BGP Monitoring Protects Against Hijacking

Calendar icon 09-23-2020

Keep agency staff safe as they communicate across the internet

 

When you turn on the faucet to dispense water, unless the water is cloudy or discolored, you likely are not thinking about the route the water took to get to your sink during the 20 seconds you’re washing your hands.

The same can be said of user behavior on the open internet; most users go from one site to another without paying attention to where their data goes or what lurks underneath the data flow, leaving themselves vulnerable to attack from malicious actors.

“The moment you go to any website like Google or LinkedIn, you’re in the open internet and you’re vulnerable,” said Nancy Grady, Ph.D., SAIC chief data scientist.

To mitigate these malicious cyberattacks threatening government users, SAIC developed the Global Cyber Intelligence (GCI) service, which delivers the internet’s Border Gateway Protocol (BGP) data in near-real-time and augments it with analytics to identify when adversaries are attempting to attack. BGP is the routing protocol of the internet and directs the flow of internet traffic from one IP address to another as efficiently as possible. GCI alerts users to malicious or suspicious activity and provides timely bulletins, reports, and summary data for customers to monitor their BGP data and protect themselves from cyberattacks.

“You have absolutely no idea what happens to your data and information once it leaves your network. This tells you how your data routes across the internet,” Grady said.

Prioritizing protection

BGP attacks are increasing in frequency as attackers can easily disrupt data packets and interrupt communications. Adversaries use man-in-the-middle (MitM) tactics and other attack vectors to exploit BGP routing, impersonating trusted sources to obtain certificates, stealing data, adding malicious code to normal web traffic, and analyzing traffic to plan future attacks. They can even detour traffic through malicious networks or hijack traffic away from legitimate hosts to ones they control.

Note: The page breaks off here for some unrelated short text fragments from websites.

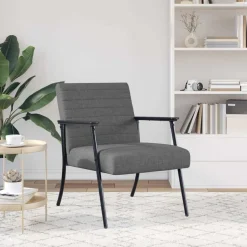 vidaXL Fauteuil Donkergrijs 59 x 75 x 78 cm Stof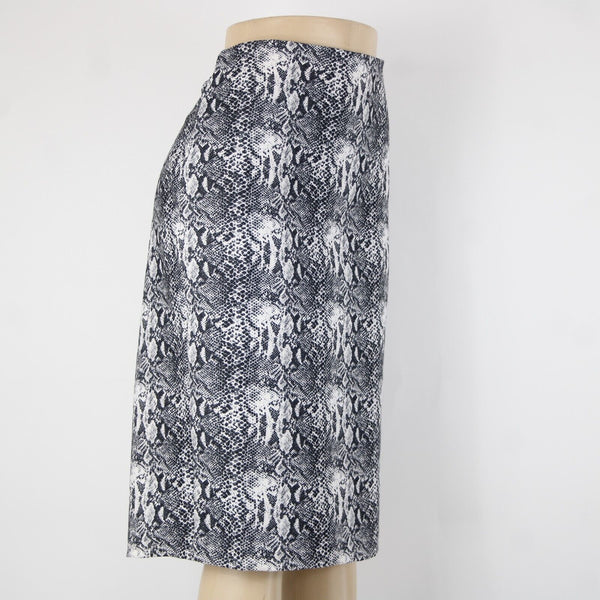 Katherine Barclay Sz 10 Black White Reptile Print Lined Poly Cotton Pencil Skirt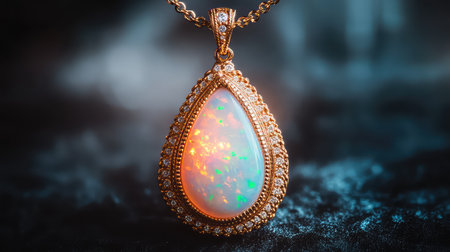 A breathtaking opal pendant hangs from a delicate gold chain, showcasing vibrant hues and intricate details, perfect for adding elegance to any outfit.の素材
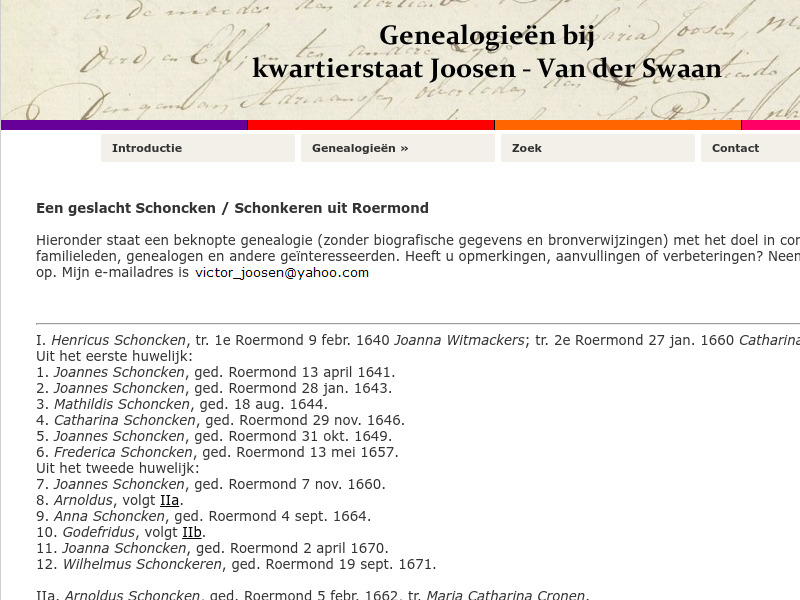 Screenshot van website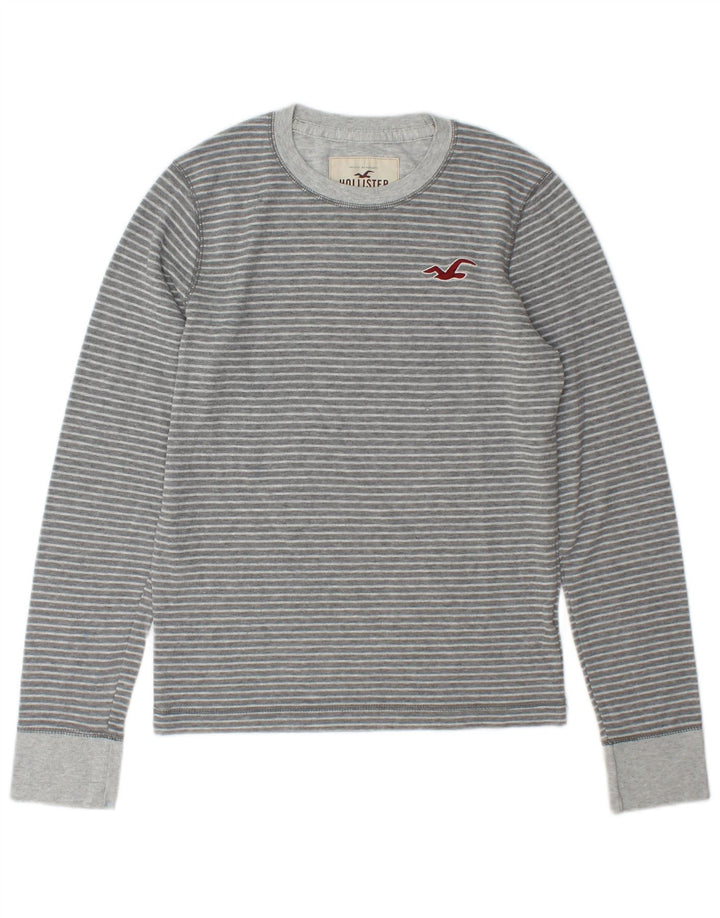 Męski top z długim rękawem Hollister w małe szare paski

As these attacks proliferate, SAIC sees an opportunity to proactively defend forward. GCI collects data from enough peering points to cover the globe, making it the most holistic solution to deliver the entire internet’s BGP data. Government agencies that use CGI can see as much of the global network as they want with a delay of no more than 90 seconds. They can access our analytics apps on our hosted Splunk platform or port them into their host platforms.

Gray space muddles connections

Adversaries execute BGP attacks in what is called “gray space,” since it’s supposed to be neutral. When a typical internet user goes from one site to another — like Facebook to YouTube — the path from those two sites goes through gray space — space that is, in fact, proliferated with both benign and malicious cyberspace users.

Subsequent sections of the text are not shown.